Tree with branches sprawling over green grass and a path.

Resilience is about how well we’re able to cope, adapt or ‘bounce back’ when we experience hardship or trauma.

Resilience is important for everyone, but especially for people who work in caring roles, such as in the medical, community services, family violence or disaster relief sectors. 

Throughout our lives, our level of resilience can grow and change depending on our experiences, the actions that we take, and the resources that we have access to.  

How resilient we are at any point in time can be affected by our: 

  • relationships and connections, including support networks 
  • physical and mental health 
  • past experiences 
  • self-esteem and/or feelings of achievement 
  • self-care habits 
  • approach to self-development and whether we plan for the future 
  • ability to take time out to rest 
  • perspectives on life and how much we focus on the positives and the negatives 
  • life events and circumstances, such as illness or bereavement. 

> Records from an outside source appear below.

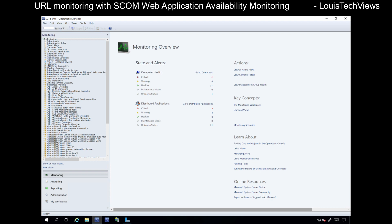Hi. Today we'll be taking a look at URL monitoring using SCOM 2016, but much of this will apply to SCOM 2012 R2 as well.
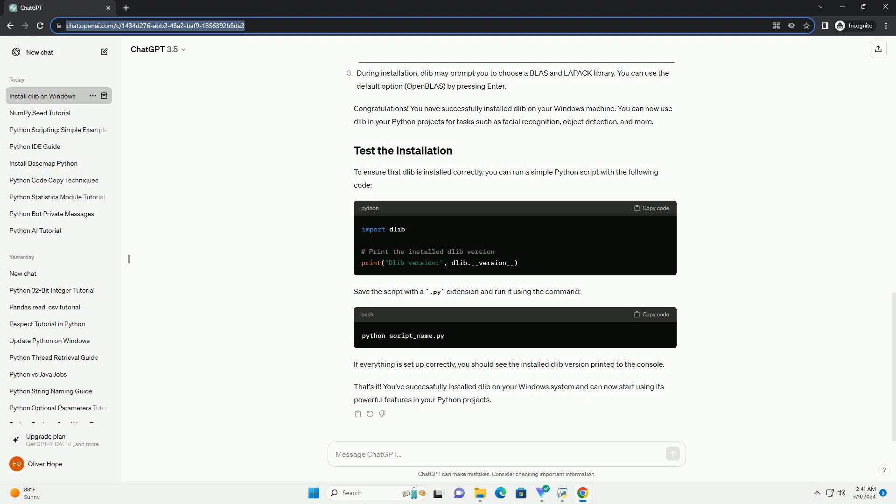That's it. You've successfully installed Dlib on your Windows system and can now start using its powerful features in your Python projects. Chat GPT.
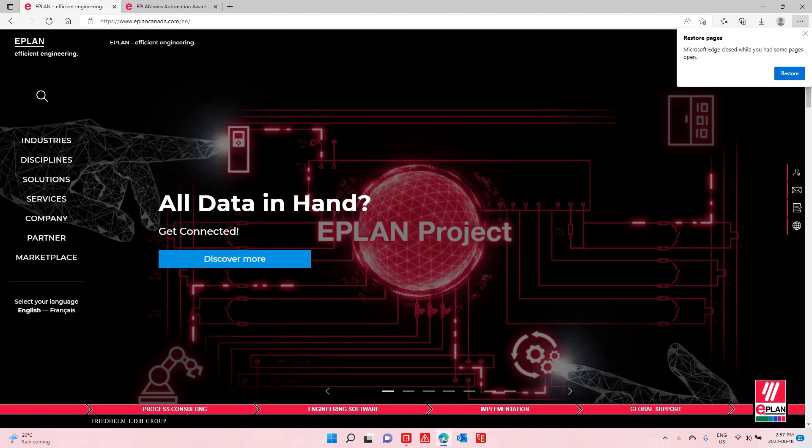Hello, this is Roland Junk, again from ePlan Canada. I wanted to show you something that really comes up very often.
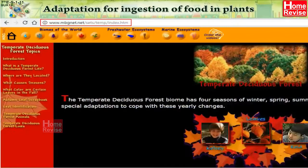Collect information about plant adaptations from websites like www.mbgnet.net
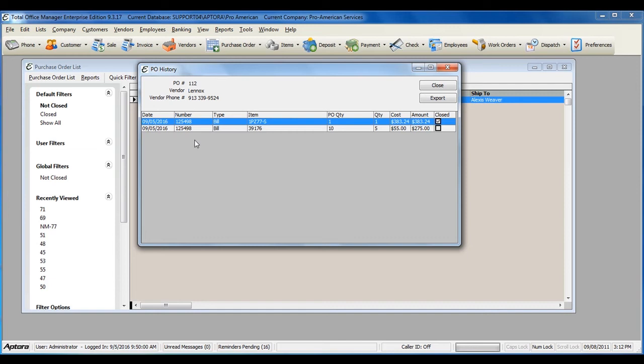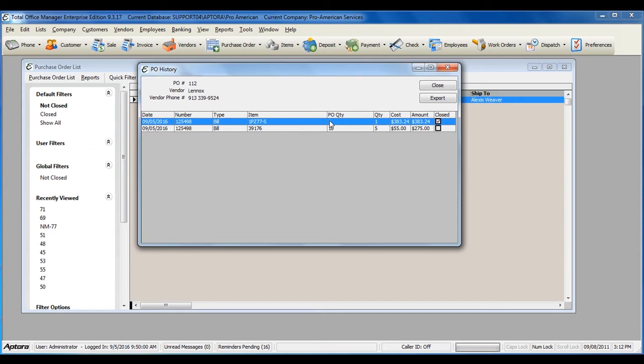As you can see, the bill is displayed with the reference number, the date of the bill, the item on the bill that was received, the PO quantity, and the actual quantity received.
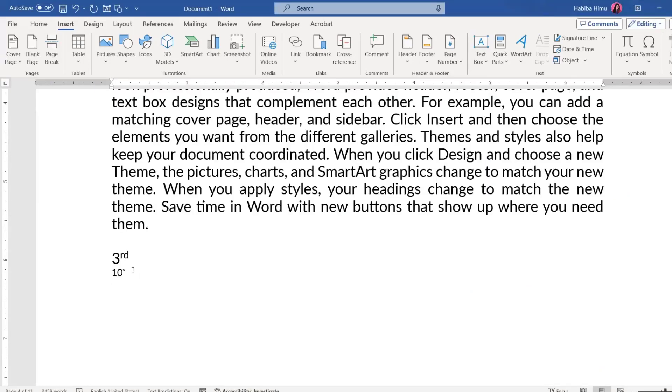If we want to show degree symbol, like temperature in degrees, we need to insert it. So if we want the degree sign, let's say we write just 10, then after this we need to bring the degree sign.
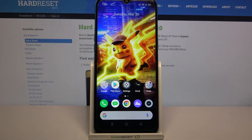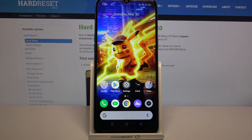Hi, in front of me is the Realme Narzo Ten and today I would like to show you how you can operate App Permission Manager on this device.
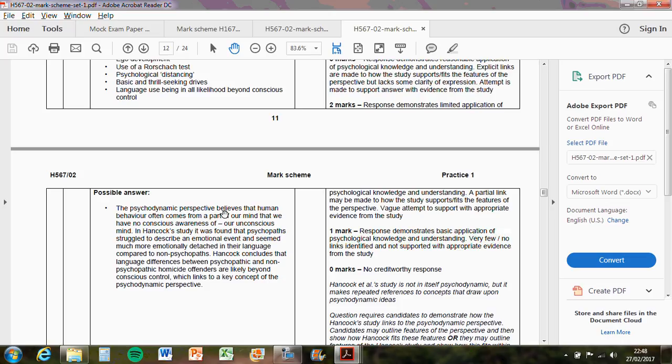The psychodynamic perspective believes that human behavior often comes from a part of our mind that we have no conscious awareness of, our unconscious mind. That's kind of the theory of it. And then the application would be, in Hancock's study, it was found that psychopaths struggled to describe an emotional event and seemed much more emotionally detached in their language compared to non-psychopaths. Now, to make that really good, if you put a finding in there as evidence, you've covered yourselves, and it's a really strong point.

It’s important to note that resilience is not always enough, by itself, to overcome challenges. Where we spend our time, the resources we can access, the support we receive from others and our financial situation all impact how well we overcome adversity. 

Someone may have low resilience but get through tough times easily because they have lots of support, while another person might be very resilient but struggle to move past hardships because they face extra barriers. 

Whether you’re looking to improve your resilience or need extra support to overcome challenges you’re currently facing, we hope that the information below will help you. 


10 tips to build your resilience

  1. Be kind to yourself and recognise that your feelings and experiences are valid. 
  2. Accept the things you can’t change and remain hopeful for the future. 
  3. Think about your strengths and how you’ve coped with things in the past. 
  4. Practice problem-solving and try to find opportunities when you encounter a challenge. 
  5. Focus on the present and what is important and meaningful to you. 
  6. Set yourself realistic and achievable goals and celebrate the wins. 
  7. Focus on your strengths and abilities to help build self-confidence and self-esteem. 
  8. Look after yourself, including through regular exercise and eating and sleeping well. 
  9. Allow yourself to rest and take breaks. 
  10. Develop supportive relationships and know when to ask for help. 

If you’re in immediate danger, please call emergency services now on 000 (triple zero).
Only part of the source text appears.